Know your meme (and your queer history):
1988, via Douglas Crimp’s AIDS DemoGraphics:
"Among Gran Fury’s most popular and durable images are the two posters produced for the same-sex kiss-in, in protest of homophobic responses to AIDS. One used a World War II photograph of kissing sailors, the other a lesbian couple from a 1920s Broadway play, and both carried the embedded text READ MY LIPS (Gran Fury beat George Bush to the punch in using the line). ACT UP women objected to the sexual difference marked by the two images — men aggressively kissing, women staring longingly into each other’s eyes — because it reinforced the stereotype of desexualized lesbian desire compared with sexy gay male desire. When Gran Fury made T-shirts of the kiss-in images, they righted the imbalance by using a historical image of lesbians kissing. The controversy over the degree of sexualization in the Gran Fury images was directly relevant to the event — a public demonstration and celebration of gay and lesbian sexuality in the face of homophobia."
Here’s what was on the back of the READ MY LIPS flyers.
Crimp describes Gran Fury as “ACT UP’s unofficial propaganda ministry and guerrilla graphic designers.” Much of their work has been archived by the New York Public Library.
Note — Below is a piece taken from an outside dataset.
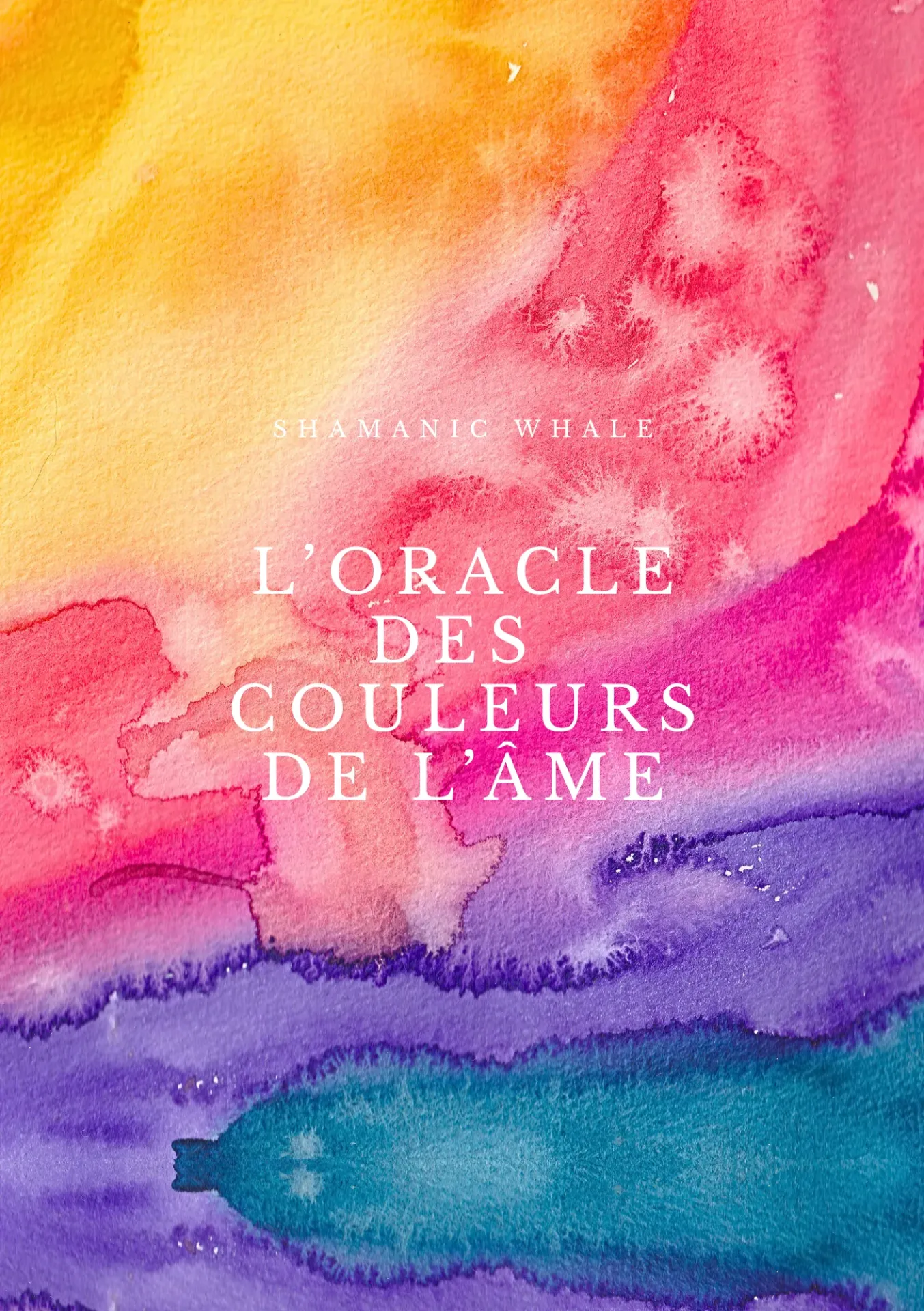 L'Oracle des Couleurs de l'Âme - Shamanic Whale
For more on the history of ACT UP—specifically its healthcare advocacy working groups—I highly recommend the documentary How to Survive a Plague.
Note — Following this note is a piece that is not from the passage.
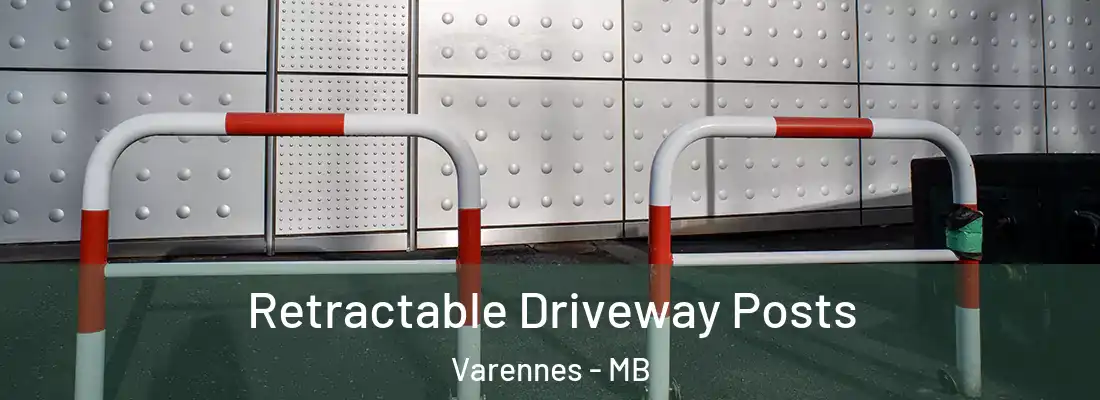  Retractable Driveway Posts Varennes - MB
1989, via NYU’s Artistic Activism project:
“Kissing Doesn’t Kill was a series of posters displayed on buses and accompanied by public service announcements designed to challenge the widespread assumption in the 1980s that HIV could be transmitted by kissing. Gran Fury manipulated media and the widely recognizable language of advertising in much of their work; Kissing Doesn’t Kill was designed to mirror a popular clothing ad campaign [by Benetton].”
2013, via OUT’s Popnography blog:
"We had a long debate in our offices about this week’s cover images of two same-sex couples," said Time managing editor Rick Stengel in a statement. “Some thought they were sensationalist and too in-your-face. Others felt the images were beautiful and symbolized the love that is at the heart of the idea of marriage. I agree with the latter, and I hope you do too.”
What do you think? Are TIME’s covers too sexual, not sexual enough, or missing the point entirely? (Also CAN YOU EVEN IMAGINE that bus driving past you on a city street?)